• TO DO:
For this exercise, restate word for word only the lines from the one containing "Сірий Тесла Модель" through the last line below. Pictures do not get copied.

• DATA SECTION:
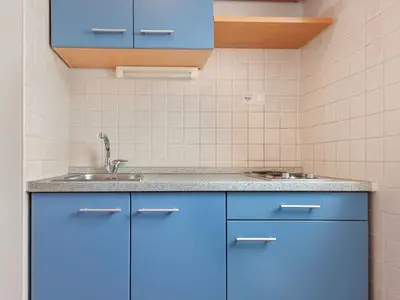 Ferienwohnung für 6 Personen (55 m²) in Okrug Gornji 9/10
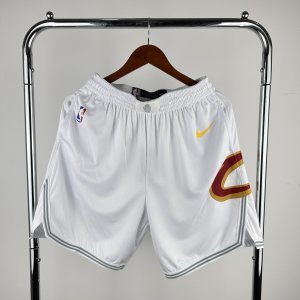 Cleveland Cavaliers - Short *white*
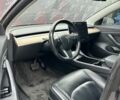 Сірий Тесла Модель 3, об'ємом двигуна 0 л та пробігом 114 тис. км за 19500 $, фото 21 на Automoto.ua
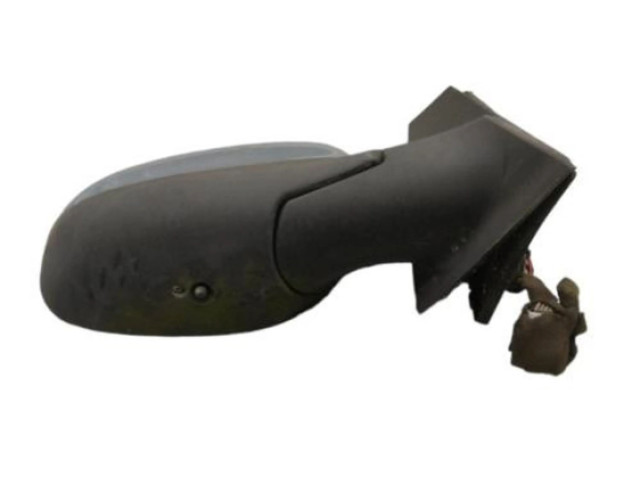 Зеркало электрическое        Ford Ka  2009 - 2017 года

• OUTPUT:
 Сірий Тесла Модель 3, об'ємом двигуна 0 л та пробігом 114 тис. км за 19500 $, фото 21 на Automoto.ua
 Зеркало электрическое        Ford Ka  2009 - 2017 года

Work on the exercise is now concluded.